This has proven true in my experience, especially when the trailer is loaded front heavy, which my raft trailer always is.


----------



## Gremlin

spencerhenry said:


> just because a tire lists a maximum pressure, that does not mean that that is what it should be inflated to.
> 
> most raft trailers are very lightly loaded, you do not need to run the tires at max pressure. a pressure suited to the load will give better tire wear, and also keep the trailer from bouncing around on the tires.



Good point. Now that my wife's cat is built I am stacking boats this weekend for a five hour drive. I will pay attention to the ride and how it might feel different.


Sent from this thingy using Mountain Buzz


----------



## Osseous

Heat is the enemy of trailer tires. Sidewall flex generates heat. One hard hit on a pothole and an under inflated tire sidewall can be penetrated by its own rim. Plenty of reasons not to underinflate your tires because you have a light load.

Sent from my SM-N900V using Mountain Buzz mobile app


----------



## lncoop

Osseous said:


> Heat is the enemy of trailer tires. Sidewall flex generates heat. One hard hit on a pothole and an under inflated tire sidewall can be penetrated by its own rim. Plenty of reasons not to underinflate your tires because you have a light load.
> 
> Sent from my SM-N900V using Mountain Buzz mobile app


That's a valid opinion for sure. This has been an ongoing debate for quite some time, but trailer tires have much beefier side walls to account for squirrely road manners, so I personally believe in some cases not inflating to full PSI is a good approach. I never did it with my party barge trailer or any other trailer with a load, but it's working very well on my lightly loaded raft trailer. YMMV


----------



## LSB

I use ropes instead of straps to tie down. I get a new 10mil rope every year or so from Harbor Freight and cut it in half and run over the front and back with a half truckers hitch. I use the old rope for a bow line. Been doing it ever since we had an empty Sotar pop all 4 straps and fly off the top of a van in Glenwood Canyon.


----------



## lncoop

I've been contemplating that very thing. You run it all the way over the boat, not just through the D rings? I've never liked the idea of using the D rings for tie downs. Just seems a little sketchy to me. I've been doing bow and stern straps through D rings but running straps over the boat front and back. Thing is though, I have to double those up to get enough length, so rope is sounding better and better.


----------



## Osseous

Use the frame! That spreads the load evenly. The weak point is where the strap goes around the trailer- that's where I see wear occur on the strap. 

Sent from my SM-N900V using Mountain Buzz mobile app


----------



## LSB

lncoop said:


> I've been contemplating that very thing. You run it all the way over the boat, not just through the D rings?


Yeah
I have an eye bolt on either side of the trailer.
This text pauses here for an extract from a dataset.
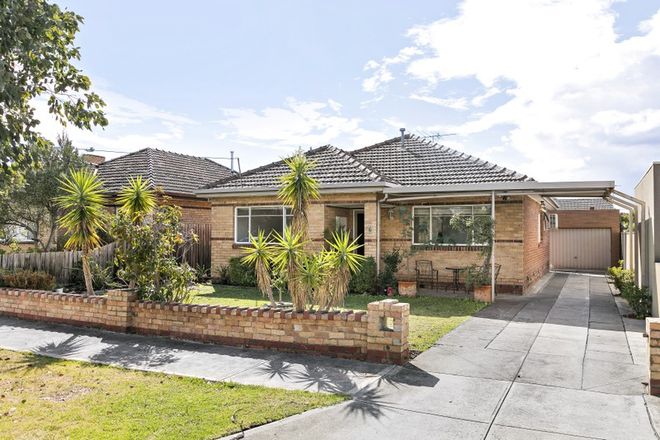 Picture of 6 Kevin Street, PASCOE VALE VIC 3044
Run the rope through the handles or under the chicken line, over the whole rig, through the other eye bolt then back up to a trucker hitch and crank the hell out of it. So far So good.


----------



## lncoop

Good info guys. Thanks. Osseous, I have recently started using the frame instead of the D rings. Glad to know I'm not the only one. Kinda new to this (not towing trailers, just trailering a raft). Sure beats the heck out of blowing it up at the put in!


----------



## Osseous

DRings are not meant to be sole points of contact. They're just attached with adhesive. When you spread the load among many Drings, you get the necessary strength. By using the frame- you are pushing it down against the entire raft- and effectively eliminating the relatively weak Drings from the equation. 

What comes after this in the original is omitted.